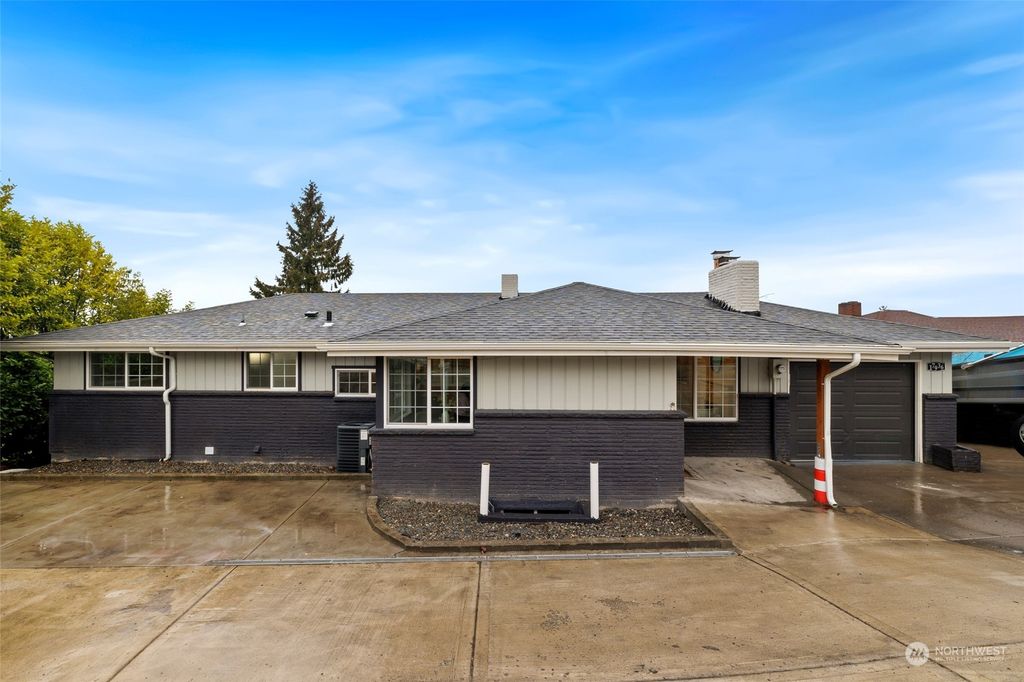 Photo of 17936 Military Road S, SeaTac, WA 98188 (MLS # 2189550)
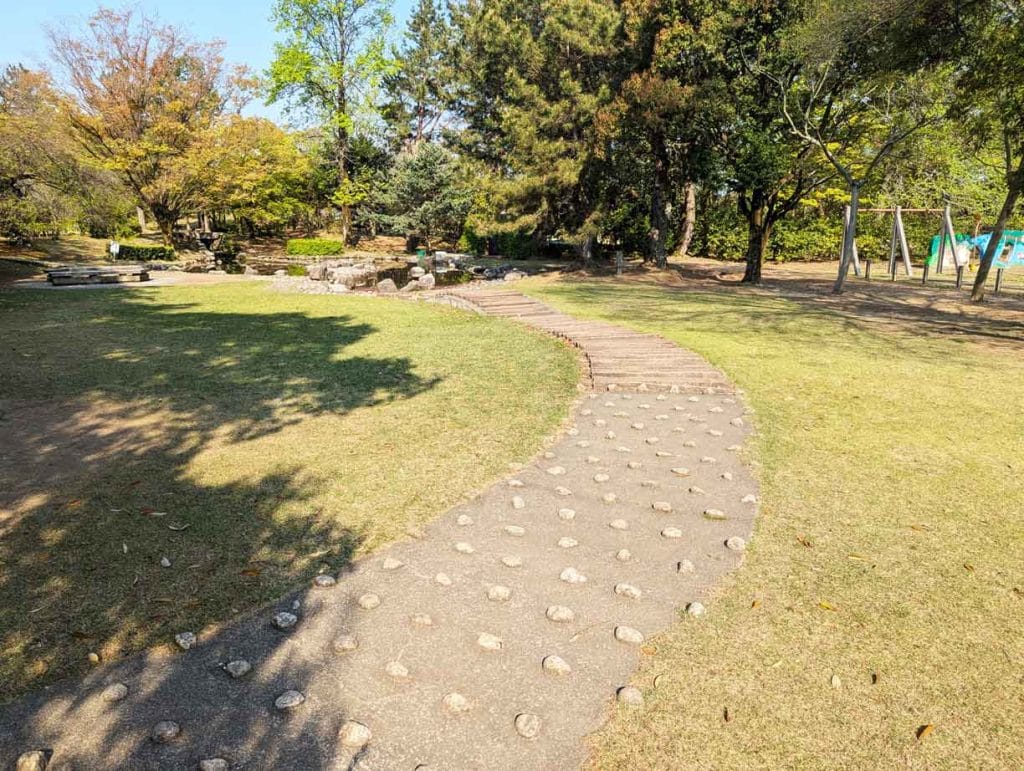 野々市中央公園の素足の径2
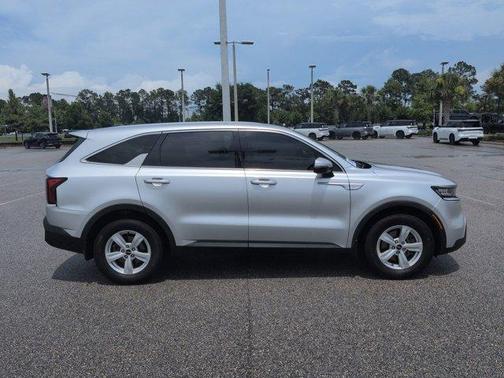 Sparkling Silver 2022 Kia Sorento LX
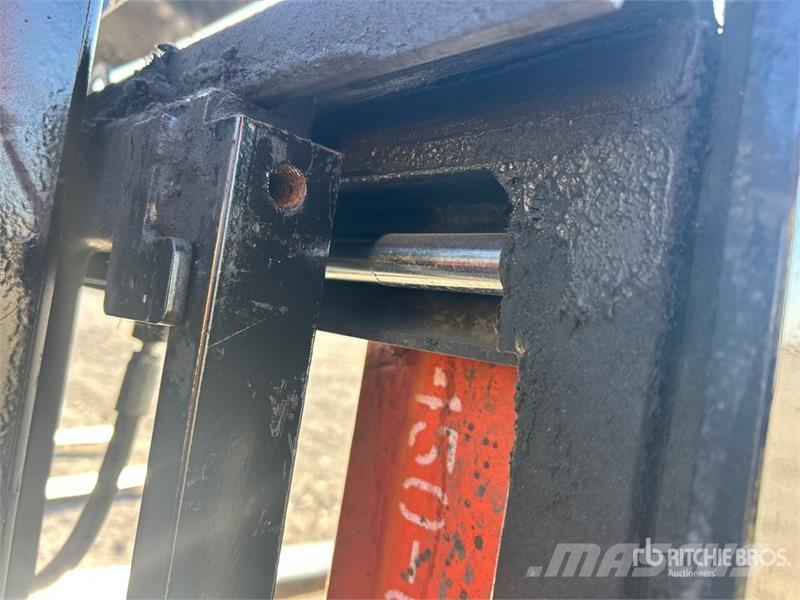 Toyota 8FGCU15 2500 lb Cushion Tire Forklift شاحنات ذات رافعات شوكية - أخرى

☆ ☆ ☆ ☆ ☆ ☆ ☆

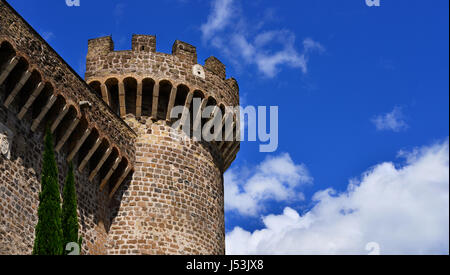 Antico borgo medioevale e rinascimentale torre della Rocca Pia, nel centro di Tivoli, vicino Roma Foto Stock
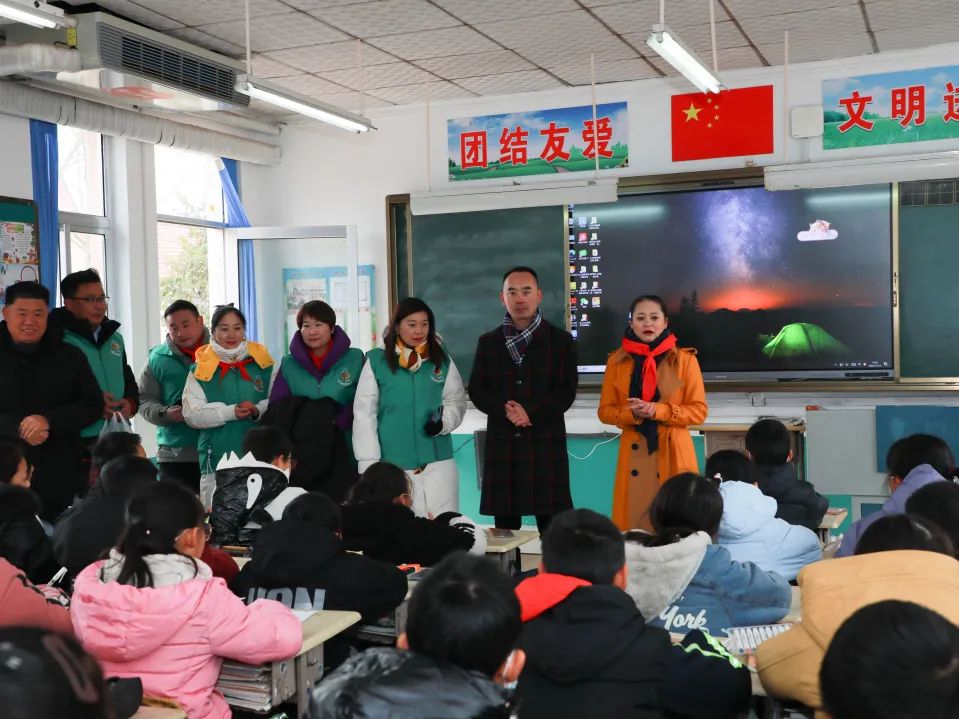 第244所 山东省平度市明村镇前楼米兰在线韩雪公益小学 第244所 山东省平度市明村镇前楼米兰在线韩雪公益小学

☆ ☆ ☆ ☆ ☆ ☆ ☆

**Your goal:** Copy the lines above exactly, starting at the one with "Sparkling Silver 2022 Kia Sorento LX" and ending at the one with "Toyota 8FGCU15 2500", both included. Leave out any pictures and add nothing else.

**Solved exercise:**
 Sparkling Silver 2022 Kia Sorento LX
 Toyota 8FGCU15 2500 lb Cushion Tire Forklift شاحنات ذات رافعات شوكية - أخرى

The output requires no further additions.